I’m done—with this dive, this wreck—and with my brief encounter with greed.
TWELVE
We do have answers, though, and visuals to present to the Empire’s ships when they arrive. There are ten of them—a convoy— unwilling to trust something as precious as stealth tech to a single ship.
Squishy didn’t come back with them. I don’t know why I thought she would. She dropped off Jypé, reported us and the wreck, and vanished into Longbow Station, not even willing to collect a finder’s fee that the Empire gives whenever it locates unusual technologies.
Squishy’s gone, and I doubt she’ll ever come back.
Turtle’s not speaking to me now, except to say that she’s relieved we’re not being charged with anything. Our vids showed the Empire we cared enough to go back for our team member, and also that we had no idea about the stealth tech until we saw it function.
We hadn’t gone into the site to raid it, just to explore it—as the earlier vids showed. Which confirmed my claim—I’m a wreck diver, not a pirate, not a scavenger—and that allowed me to pick up the reward that Squishy abandoned.
The reward is embarrassingly large. I’ve never seen that much money all at once.
Normally, though, I would have left it. I don’t like making money that way.
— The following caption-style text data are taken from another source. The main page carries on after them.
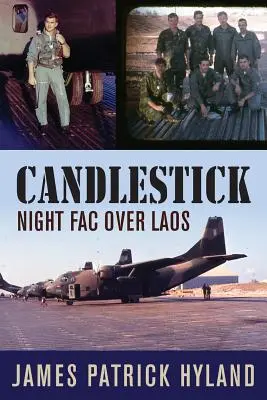 Chandelier : Le vol de nuit au-dessus du Laos - Candlestick: Night FAC over Laos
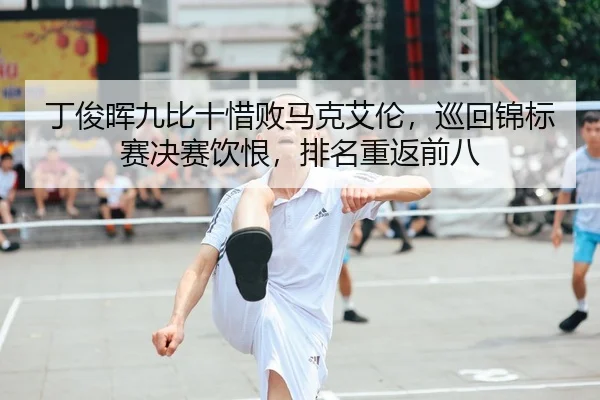 丁俊晖九比十惜败马克艾伦，巡回锦标赛决赛饮恨，排名重返前八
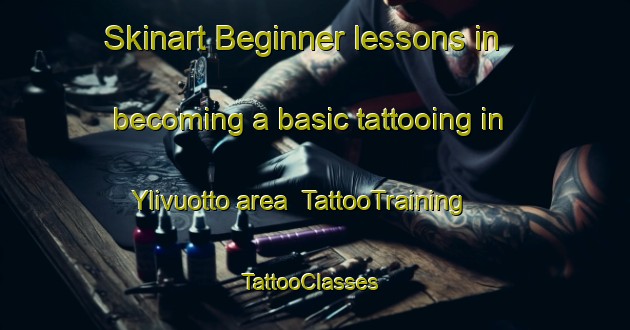 Skinart Beginner lessons in becoming a basic tattooing in Ylivuotto area | TattooTraining | TattooClasses | SkinartTraining-Finland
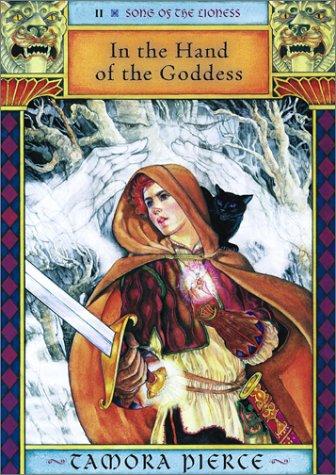 Tamora Pierce: In the Hand of the Goddess (Hardcover, 2002, Atheneum)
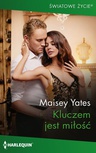 ebook Kluczem jest miłość - Maisey Yates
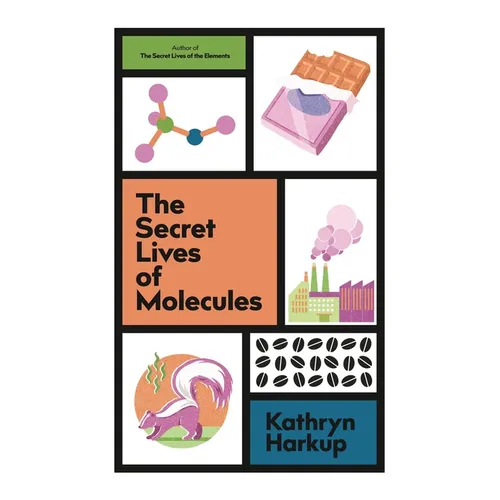 The Secret Lives of Molecules - Hardcover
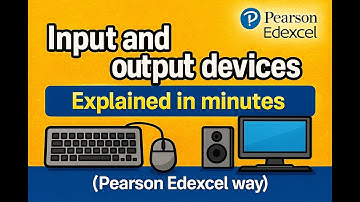 The Easiest Way to Understand Input & Output Devices — Pearson Edexcel Guide!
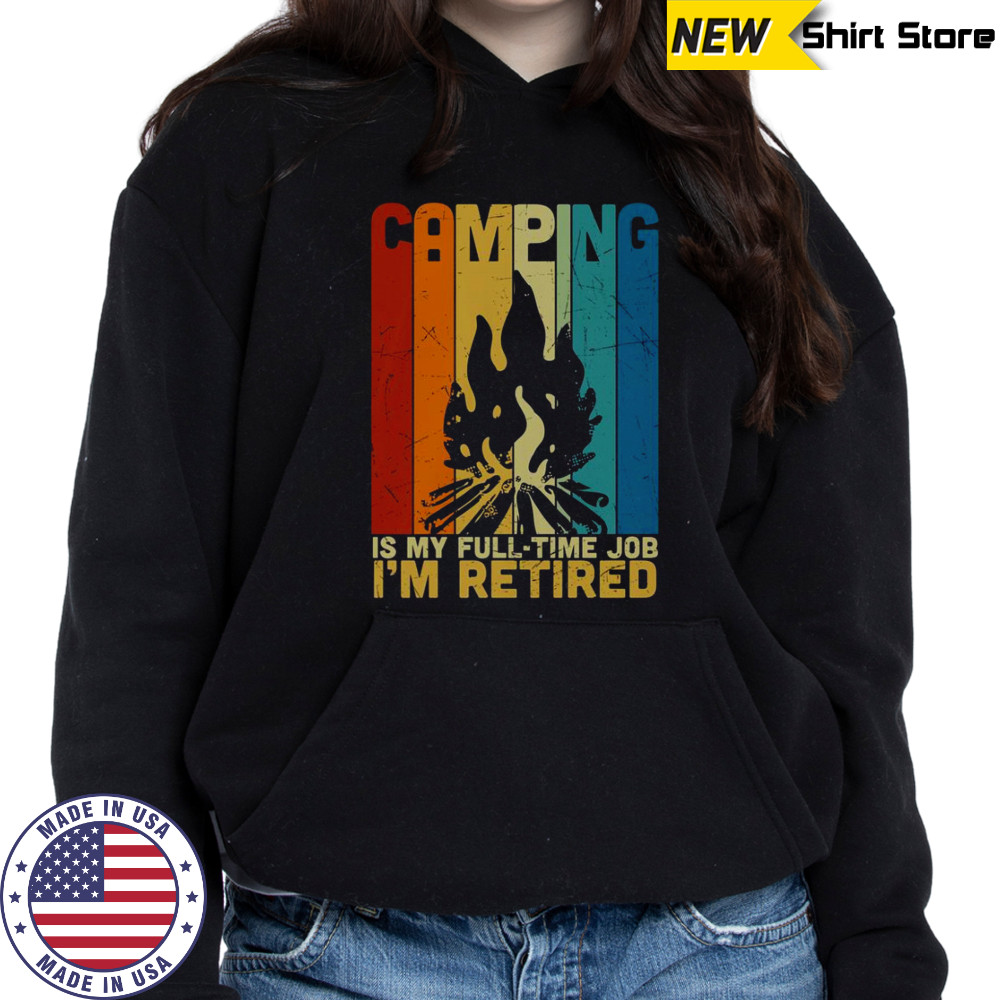 Camping Is My Full Time Job I’m Retired Vintage Campfire T-Shirt Hoodie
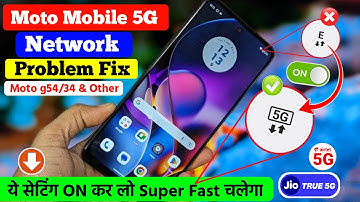 Moto mobile me 5g network nahi chal raha hai | moto g54/34 5g network problem | moto network problem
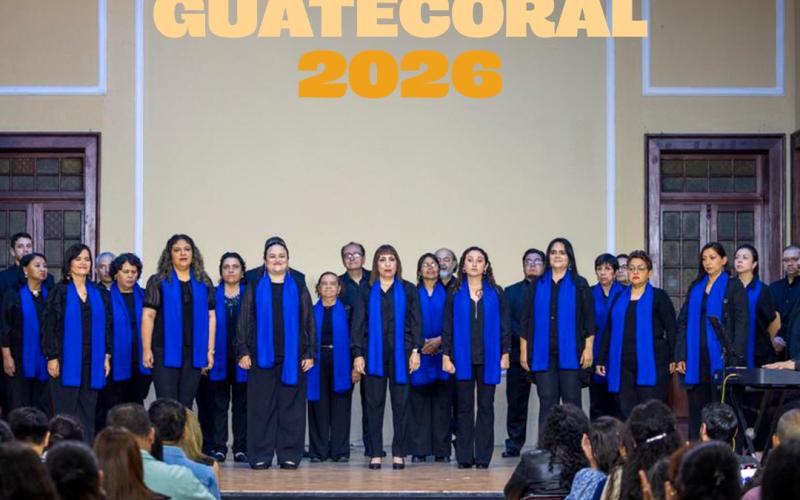 ¡GuateCoral 2026 celebra la Guatemalidad a través de la música!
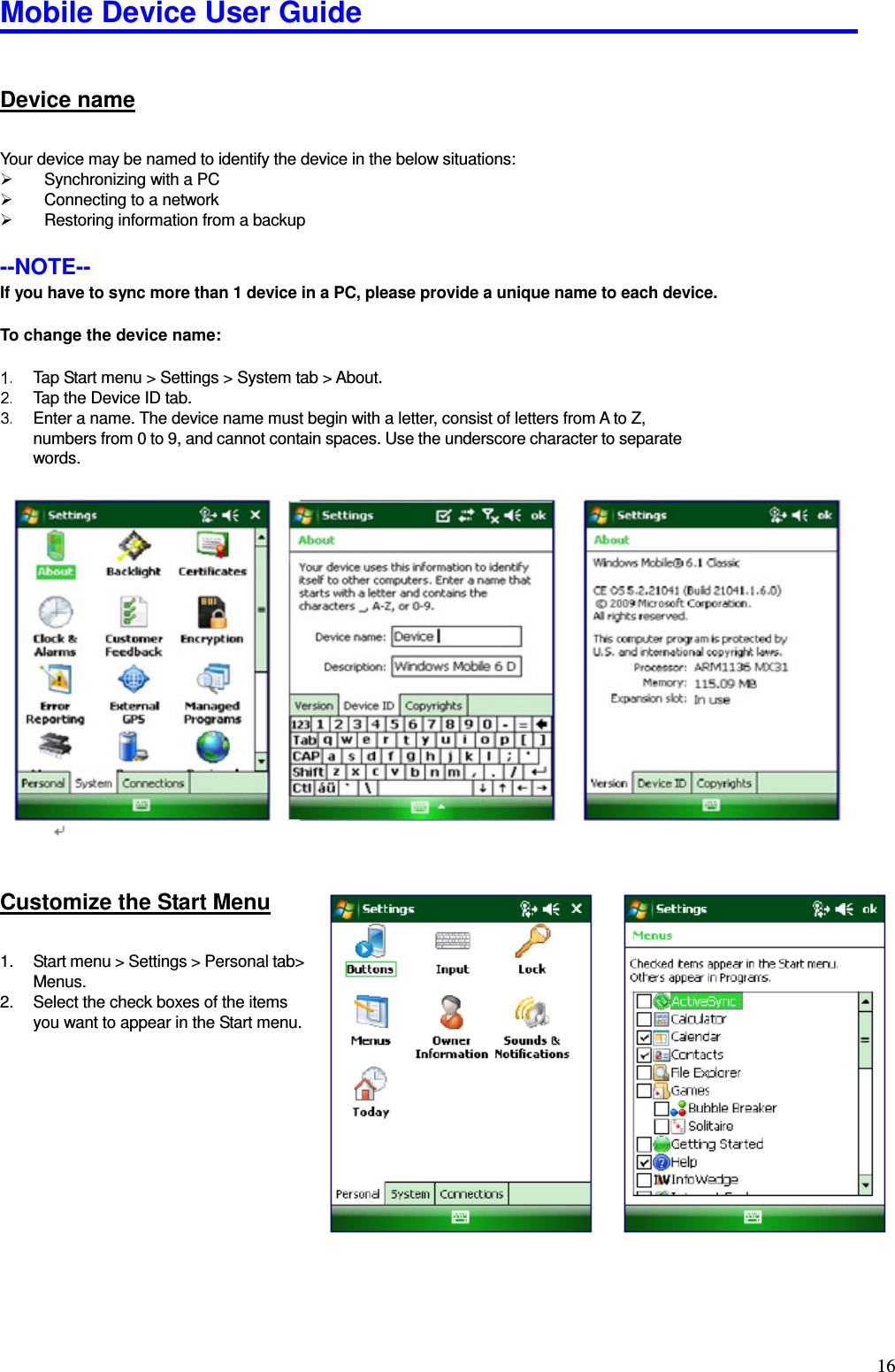 Mobile Device User Guide                                                                                                                                                                                                                                                                                                                                                                                                                                                                                                                                         16 Device name Your device may be named to identify the device in the below situations:     Synchronizing with a PC     Connecting to a network     Restoring information from a backup    --NOTE--   If you have to sync more than 1 device in a PC, please provide a unique name to each device.  To change the device name:    Tap Start menu &gt; Settings &gt; System tab &gt; About.   Tap the Device ID tab.     Enter a name. The device name must begin with a letter, consist of letters from A to Z, numbers from 0 to 9, and cannot contain spaces. Use the underscore character to separate words.                      Customize the Start Menu 1.  Start menu &gt; Settings &gt; Personal tab&gt; Menus.   2.  Select the check boxes of the items you want to appear in the Start menu.       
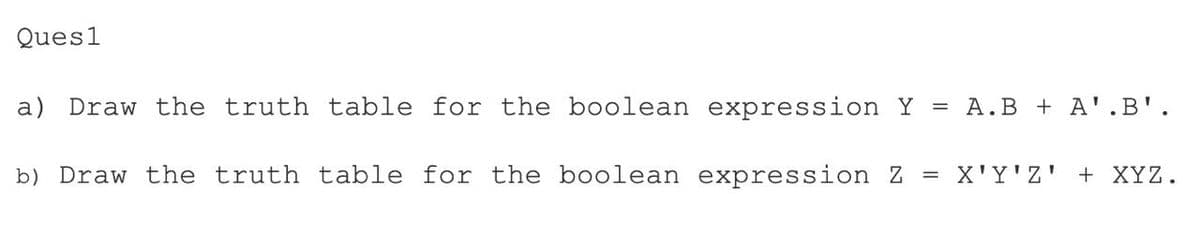 Ques1
a) Draw the truth table for the boolean expression Y = A.B + A'.B'.
b) Draw the truth table for the boolean expression Z = X'Y'Z' + XYZ.
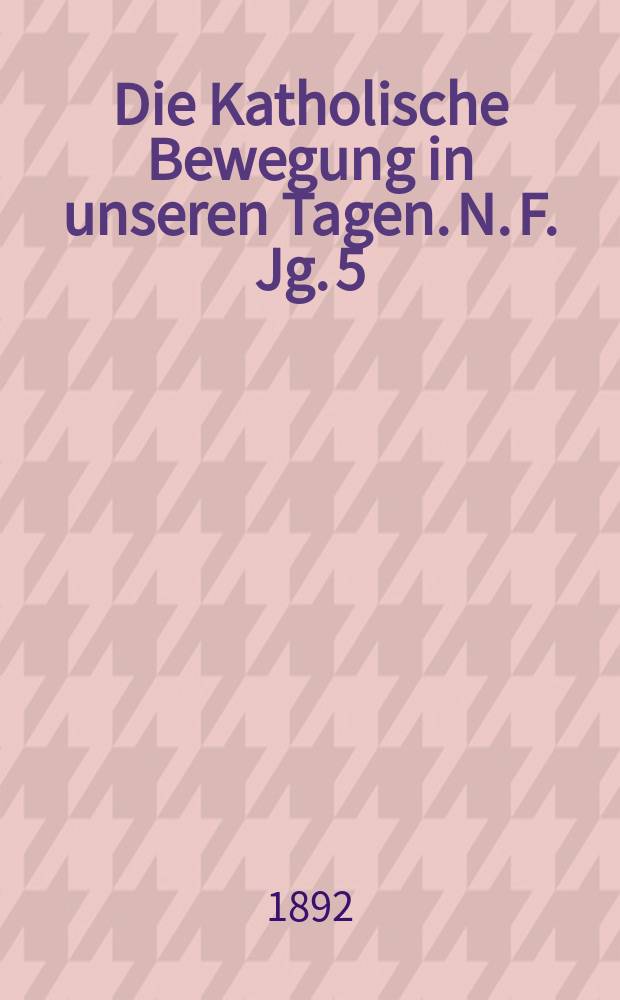 Die Katholische Bewegung in unseren Tagen. N. F. Jg. 5 (25) 1892, H. 7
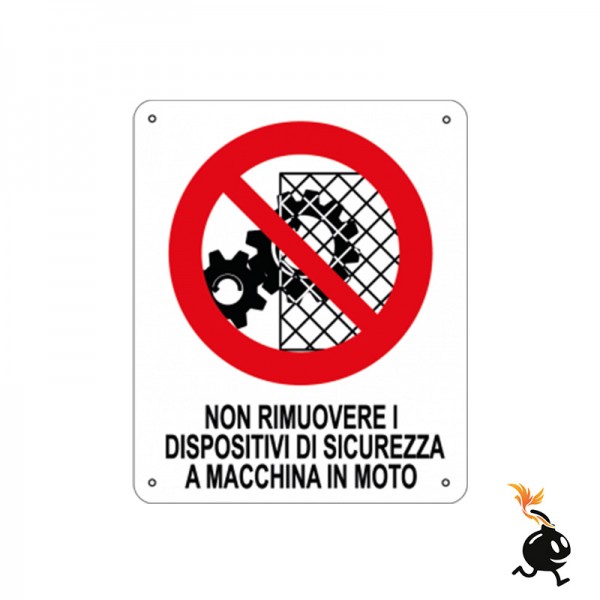 00762 - CARTELLO SEGNALETICO - NON RIMUORE I DISPOSITIVI DI SICUREZZA A MACCHINA IN MOTO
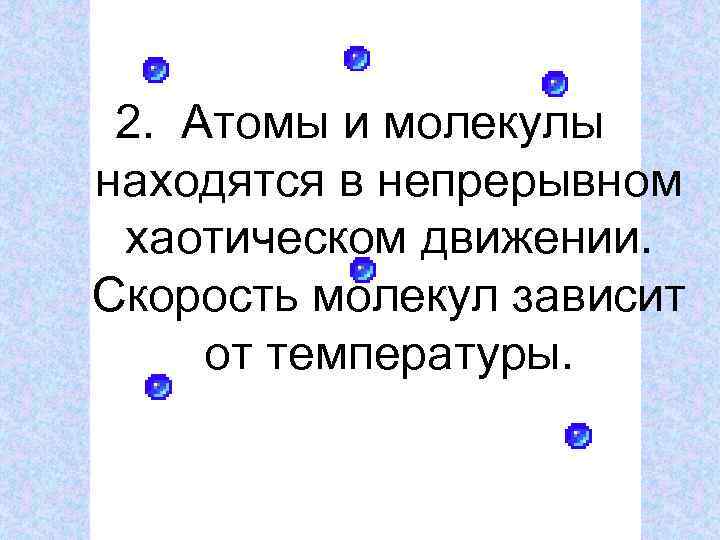 2. Атомы и молекулы находятся в непрерывном хаотическом движении. Скорость молекул зависит от температуры.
But I couldn’t leave it this time. I needed to fund the expedition, and I’m not going to be able to do it the way I’d initially planned—by taking tourists to the Dignity Vessel so far from home.
The Empire chased us away from the vessel. They’re talking about moving it to some storehouse or warehouse or way station, but I’m not sure how they’re going to do it.
I don’t think they dare move it, not with the stealth tech still functioning. I think they’ll lose some divers and some equipment, just like the rest of us have.
But I didn’t tell them that. I didn’t get a chance to tell them much of anything. All I could do was defend myself and my crew, accept the ticket for the lost claim and the hollow thanks of the agent in charge of that convoy.
As we left that group of ten ships, we couldn’t even see the Dignity Vessel they surrounded. Turtle now agrees with Squishy; she thinks we should have blown the vessel up.